しかし、遠方や体調の都合などで参列できない場合、現金書留による郵送は認められた方法です。

ここでは、香典郵送の位置づけや注意点を整理します。

香典は郵送してもマナー違反ではない

葬儀に出られない事情がある場合、香典を郵送するのは失礼ではありません。

現金書留で送ることで安全に届き、弔意を示すことができます。

遠方や体調不良の場合に選ばれる方法

遠方に住んでいる、体調を崩している、高齢で移動が難しい…などの場合、郵送が一般的です。

直接手渡しが原則だが、やむを得ない場合は郵送可

本来は「直接お悔やみを伝える」のが望ましいですが、やむを得ない事情なら郵送でも誠意は伝わります。

香典を郵送する際の基本ルール

香典を郵送する場合、守らなければならない基本ルールがあります。

特に「現金書留を使うこと」「香典袋を正しく包むこと」は必須です。

ここを誤ると、せっかくの誠意が失礼になってしまいます。

現金書留で送るのが唯一の正しい方法

現金を郵送できるのは「現金書留」だけです。

普通郵便やレターパックでは現金を送れません。

現金書留の料金と計算方法

香典を郵送する際、現金書留の料金は「郵便物の基本料金」+「現金書留の加算料金」で決まります。

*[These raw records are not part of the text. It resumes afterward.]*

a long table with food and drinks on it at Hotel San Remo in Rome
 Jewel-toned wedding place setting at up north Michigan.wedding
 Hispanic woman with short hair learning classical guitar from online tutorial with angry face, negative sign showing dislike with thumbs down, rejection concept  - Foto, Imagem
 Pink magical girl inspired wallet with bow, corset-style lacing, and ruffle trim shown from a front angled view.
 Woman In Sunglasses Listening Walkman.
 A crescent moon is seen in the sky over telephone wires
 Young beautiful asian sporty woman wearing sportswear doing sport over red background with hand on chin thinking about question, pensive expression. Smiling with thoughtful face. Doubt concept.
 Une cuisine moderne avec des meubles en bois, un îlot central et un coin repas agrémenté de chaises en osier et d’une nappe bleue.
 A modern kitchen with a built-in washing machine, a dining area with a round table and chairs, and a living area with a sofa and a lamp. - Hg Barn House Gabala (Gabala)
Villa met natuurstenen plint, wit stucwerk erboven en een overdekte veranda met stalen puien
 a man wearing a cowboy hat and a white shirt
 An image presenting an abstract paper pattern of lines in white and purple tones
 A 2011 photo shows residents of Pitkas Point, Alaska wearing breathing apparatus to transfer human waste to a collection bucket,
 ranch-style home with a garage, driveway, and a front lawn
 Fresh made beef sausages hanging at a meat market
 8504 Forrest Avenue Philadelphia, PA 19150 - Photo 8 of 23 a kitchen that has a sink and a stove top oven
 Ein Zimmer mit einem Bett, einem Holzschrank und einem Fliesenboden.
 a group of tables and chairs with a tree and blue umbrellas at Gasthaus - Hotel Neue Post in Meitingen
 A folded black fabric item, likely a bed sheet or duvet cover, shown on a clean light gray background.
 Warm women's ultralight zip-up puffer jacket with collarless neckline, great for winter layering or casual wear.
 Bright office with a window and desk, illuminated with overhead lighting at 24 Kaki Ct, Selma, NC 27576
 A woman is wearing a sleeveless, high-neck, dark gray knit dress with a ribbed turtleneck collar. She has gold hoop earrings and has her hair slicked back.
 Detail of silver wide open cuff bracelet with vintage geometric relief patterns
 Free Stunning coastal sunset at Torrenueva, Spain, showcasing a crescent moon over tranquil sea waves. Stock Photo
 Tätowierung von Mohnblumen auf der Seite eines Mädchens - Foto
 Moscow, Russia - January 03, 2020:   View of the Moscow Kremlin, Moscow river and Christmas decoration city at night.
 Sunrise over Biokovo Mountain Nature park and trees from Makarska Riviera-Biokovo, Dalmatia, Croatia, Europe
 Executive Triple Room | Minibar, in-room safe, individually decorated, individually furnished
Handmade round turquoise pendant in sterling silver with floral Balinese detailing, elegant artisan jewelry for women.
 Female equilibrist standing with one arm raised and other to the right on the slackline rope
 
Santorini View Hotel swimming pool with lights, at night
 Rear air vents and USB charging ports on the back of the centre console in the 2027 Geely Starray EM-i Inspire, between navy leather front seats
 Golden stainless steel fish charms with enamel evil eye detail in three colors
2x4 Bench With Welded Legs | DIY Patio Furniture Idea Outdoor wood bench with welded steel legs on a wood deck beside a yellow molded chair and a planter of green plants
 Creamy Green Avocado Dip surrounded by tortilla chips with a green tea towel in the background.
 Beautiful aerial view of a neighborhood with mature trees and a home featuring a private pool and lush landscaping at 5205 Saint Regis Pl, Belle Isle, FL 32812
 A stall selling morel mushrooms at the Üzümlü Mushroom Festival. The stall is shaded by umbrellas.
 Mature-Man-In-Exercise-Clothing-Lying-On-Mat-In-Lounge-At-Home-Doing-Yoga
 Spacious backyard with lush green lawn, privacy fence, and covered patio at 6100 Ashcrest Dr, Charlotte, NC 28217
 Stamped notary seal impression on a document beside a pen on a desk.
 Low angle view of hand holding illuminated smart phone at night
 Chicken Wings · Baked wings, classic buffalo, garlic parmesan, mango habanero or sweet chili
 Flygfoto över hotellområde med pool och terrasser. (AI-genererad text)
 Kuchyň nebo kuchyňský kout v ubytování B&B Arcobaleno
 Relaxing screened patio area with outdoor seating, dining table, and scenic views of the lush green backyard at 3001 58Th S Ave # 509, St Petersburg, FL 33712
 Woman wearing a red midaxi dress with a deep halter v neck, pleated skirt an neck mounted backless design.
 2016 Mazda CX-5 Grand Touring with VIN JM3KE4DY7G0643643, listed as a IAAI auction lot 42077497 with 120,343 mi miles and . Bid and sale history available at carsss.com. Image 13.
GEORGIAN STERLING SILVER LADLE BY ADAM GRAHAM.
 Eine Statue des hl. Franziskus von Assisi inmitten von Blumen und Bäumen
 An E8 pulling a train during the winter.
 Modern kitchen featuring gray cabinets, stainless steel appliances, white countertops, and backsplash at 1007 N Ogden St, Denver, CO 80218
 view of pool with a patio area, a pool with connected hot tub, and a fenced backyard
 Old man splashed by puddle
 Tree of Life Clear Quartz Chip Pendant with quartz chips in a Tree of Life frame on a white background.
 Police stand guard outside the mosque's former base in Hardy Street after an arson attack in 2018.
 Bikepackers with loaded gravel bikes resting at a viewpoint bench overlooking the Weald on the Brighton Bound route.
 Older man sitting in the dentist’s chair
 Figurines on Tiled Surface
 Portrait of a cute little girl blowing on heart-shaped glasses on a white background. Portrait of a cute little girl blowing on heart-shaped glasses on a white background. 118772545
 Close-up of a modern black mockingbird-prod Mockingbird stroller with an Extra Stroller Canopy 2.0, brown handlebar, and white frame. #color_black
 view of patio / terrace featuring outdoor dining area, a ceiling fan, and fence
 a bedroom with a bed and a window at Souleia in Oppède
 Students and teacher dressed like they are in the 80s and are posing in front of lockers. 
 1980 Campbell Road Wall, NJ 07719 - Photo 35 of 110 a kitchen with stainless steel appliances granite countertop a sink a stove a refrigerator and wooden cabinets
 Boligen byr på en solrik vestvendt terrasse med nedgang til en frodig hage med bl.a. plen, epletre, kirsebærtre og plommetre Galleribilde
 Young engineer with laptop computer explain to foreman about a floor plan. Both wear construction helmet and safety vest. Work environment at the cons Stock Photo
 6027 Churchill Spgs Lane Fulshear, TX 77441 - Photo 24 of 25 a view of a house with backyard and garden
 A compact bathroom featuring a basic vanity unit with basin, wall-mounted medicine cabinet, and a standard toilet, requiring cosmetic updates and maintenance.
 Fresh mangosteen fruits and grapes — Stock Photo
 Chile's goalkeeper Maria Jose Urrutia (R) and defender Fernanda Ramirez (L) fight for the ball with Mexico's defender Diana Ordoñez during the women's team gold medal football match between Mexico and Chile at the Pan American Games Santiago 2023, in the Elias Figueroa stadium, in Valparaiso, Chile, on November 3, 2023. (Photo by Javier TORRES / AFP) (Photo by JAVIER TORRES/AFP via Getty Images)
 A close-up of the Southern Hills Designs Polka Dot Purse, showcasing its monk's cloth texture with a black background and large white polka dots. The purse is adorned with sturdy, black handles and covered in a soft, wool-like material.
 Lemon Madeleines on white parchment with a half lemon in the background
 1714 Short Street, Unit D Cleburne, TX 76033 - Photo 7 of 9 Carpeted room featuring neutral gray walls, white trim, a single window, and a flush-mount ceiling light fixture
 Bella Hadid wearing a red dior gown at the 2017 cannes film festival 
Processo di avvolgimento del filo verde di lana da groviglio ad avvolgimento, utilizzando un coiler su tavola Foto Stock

普通郵便やレターパックでは現金を送ることはできませんので、必ず現金書留を利用しましょう。

現金書留の料金例(2025年8月現在)

香典額郵便料金(50g以内)現金書留加算料金保証料合計(封筒代別)
5,000円110円480円0円590円
30,000円110円480円88円678円
50,000円110円480円172円762円

📌 補足:

  • 現金書留加算料金は一律480円。
  • 保証料は送金額に応じて変動し、1万円ごとに+28円(2025年現在の改定料金)。
  • 現金書留専用封筒は別売りで 21円(小サイズ)/33円(大サイズ)
  • 重量が50gを超えると郵便料金はさらに加算されます。

👉 つまり、香典を送る場合、 600〜800円程度+封筒代 を見込めば安心です。

普通郵便や宅配便では送れない理由

郵便法で現金を普通郵便に入れることは禁止されています。

宅配便も規定違反になるため不可です。

香典袋の包み方と封筒の入れ方

香典袋に入れた現金を、中袋ごと現金書留封筒に入れます。

香典袋の表書きと現金書留封筒の差出人は一致させましょう。

香典に添える手紙・添え状のマナー

香典を郵送する際にもっとも大切なのが「添え状」です。

お金だけ送ると事務的な印象になりかねません。

弔意を伝える丁寧な言葉を添えることで、相手に気持ちが伝わります。

添え状は必ず同封する

「なぜ郵送なのか」「どのような気持ちで送ったのか」を書くことで、誠意が伝わります。

手紙に書くべき内容

  • 訃報を受けた驚きと悲しみ
  • 本来なら参列すべきだが、事情で叶わないこと
  • 香典を送る旨と、供養を願う気持ち

手紙のNG表現

「重ね重ね」「再び」など不幸が続くことを連想させる言葉は避けましょう。

添え状の例文(参列できない場合)

ご逝去の報に接し、ただ驚きと悲しみでいっぱいです。

本来であれば参列し、ご冥福をお祈りすべきところ、遠方につき伺えず誠に申し訳ございません。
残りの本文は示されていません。